1.2.1: Lexical Analysis (or Scanning)

The character stream input is grouped into meaningful units called lexemes, which are then mapped into tokens, the latter constituting the output of the lexical analyzer. For example, any one of the following C statements
x3 = y + 3; x3 = y + x3 =y+ 3 ; 3 ;

but not
x 3 = y + 3;

would be grouped into the lexemes x3, =, y, +, 3, and ;. A token is a <token-name,attribute-value> pair. For example 1. The lexeme x3 would be mapped to a token such as <id,1>. The name id is short for identifier. The value 1 is the index of the entry for x3 in the symbol table produced by the compiler. This table is used gather information about the identifiers and to pass this information to subsequent phases.

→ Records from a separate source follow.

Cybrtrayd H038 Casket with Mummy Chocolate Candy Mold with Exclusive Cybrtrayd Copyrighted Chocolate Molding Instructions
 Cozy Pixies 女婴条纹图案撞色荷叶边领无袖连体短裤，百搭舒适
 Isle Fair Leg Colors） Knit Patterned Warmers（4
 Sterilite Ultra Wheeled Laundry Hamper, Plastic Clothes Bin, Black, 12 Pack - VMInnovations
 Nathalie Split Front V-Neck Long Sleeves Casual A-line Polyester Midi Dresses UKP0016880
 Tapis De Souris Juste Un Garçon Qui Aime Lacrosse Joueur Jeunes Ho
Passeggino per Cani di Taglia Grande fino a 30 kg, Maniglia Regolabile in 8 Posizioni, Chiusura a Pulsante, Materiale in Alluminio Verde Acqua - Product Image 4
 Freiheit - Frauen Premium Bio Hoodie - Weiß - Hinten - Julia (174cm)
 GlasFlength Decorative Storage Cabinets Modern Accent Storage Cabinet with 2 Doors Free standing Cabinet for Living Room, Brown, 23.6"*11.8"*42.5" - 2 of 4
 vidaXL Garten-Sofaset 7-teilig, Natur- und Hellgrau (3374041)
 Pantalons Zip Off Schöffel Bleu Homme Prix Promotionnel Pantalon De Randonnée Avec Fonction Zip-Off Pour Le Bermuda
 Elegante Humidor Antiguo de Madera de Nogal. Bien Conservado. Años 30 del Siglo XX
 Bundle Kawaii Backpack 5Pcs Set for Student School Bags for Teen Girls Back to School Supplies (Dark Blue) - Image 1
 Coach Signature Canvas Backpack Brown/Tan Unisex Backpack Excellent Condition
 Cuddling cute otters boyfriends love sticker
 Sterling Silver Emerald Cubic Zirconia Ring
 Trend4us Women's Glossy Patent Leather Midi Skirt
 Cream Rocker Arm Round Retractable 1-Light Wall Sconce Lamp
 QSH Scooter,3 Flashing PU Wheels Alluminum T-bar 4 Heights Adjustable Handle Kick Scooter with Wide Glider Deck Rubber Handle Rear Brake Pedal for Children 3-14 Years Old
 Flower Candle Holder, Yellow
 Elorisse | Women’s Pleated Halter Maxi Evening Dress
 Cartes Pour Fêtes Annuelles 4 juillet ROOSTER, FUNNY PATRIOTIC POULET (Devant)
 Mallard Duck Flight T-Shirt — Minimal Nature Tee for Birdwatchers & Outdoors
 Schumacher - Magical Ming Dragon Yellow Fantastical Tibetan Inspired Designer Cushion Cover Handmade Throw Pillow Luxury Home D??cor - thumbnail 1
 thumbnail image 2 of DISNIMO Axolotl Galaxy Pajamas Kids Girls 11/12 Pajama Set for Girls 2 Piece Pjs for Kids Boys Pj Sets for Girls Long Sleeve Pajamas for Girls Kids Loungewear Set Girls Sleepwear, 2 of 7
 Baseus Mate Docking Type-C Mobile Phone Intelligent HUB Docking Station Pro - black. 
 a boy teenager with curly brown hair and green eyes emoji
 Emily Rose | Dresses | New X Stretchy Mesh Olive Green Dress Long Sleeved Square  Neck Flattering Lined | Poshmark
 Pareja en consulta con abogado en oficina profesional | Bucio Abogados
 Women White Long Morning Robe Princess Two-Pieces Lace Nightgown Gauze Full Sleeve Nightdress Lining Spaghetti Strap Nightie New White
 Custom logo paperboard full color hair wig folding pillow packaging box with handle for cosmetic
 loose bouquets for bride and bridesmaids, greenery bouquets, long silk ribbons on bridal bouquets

2. The lexeme = would be mapped to the token <=>. In reality it is probably mapped to a pair, whose second component is ignored. The point is that there are many different identifiers so we need the second component, but there is only one assignment symbol =. 3. The lexeme y is mapped to the token <id,2> 4. The lexeme + is mapped to the token <+>. 5. The lexeme 3 is somewhat interesting and is discussed further in subsequent chapters. It is mapped to <number,something>, but what is the something. On the one hand there is only one 3 so we could just use the token <number,3>. However, there can be a difference between how this should be printed (e.g., in an error message produced by subsequent phases) and how it should be stored (fixed vs. float vs. double). Perhaps the token should point to the symbol table where an entry for this kind of 3 is stored. Another possibility is to have a separate numbers table. 6. The lexeme ; is mapped to the token <;>. Note that non-significant blanks are normally removed during scanning. In C, most blanks are nonsignificant. That does not mean the blanks are unnecessary. Consider
int x; intx;

The blank between int and x is clearly necessary, but it does not become part of any token. Blanks inside strings are an exception, they are part of the token (or more likely the table entry pointed to by the second component of the token). Note that we can define identifiers, numbers, and the various symbols and punctuation without using recursion (compare with parsing below). 1. What is Language Processors? 2. Two step process to run a program that a compiler requires . 3. How Come that Java is compiled and interpreted language? 4. What is front end and back end of the compiler? 5. What are the application of analysis and synthesis phase of compiler? 6. How a lexical analyzer processes source language?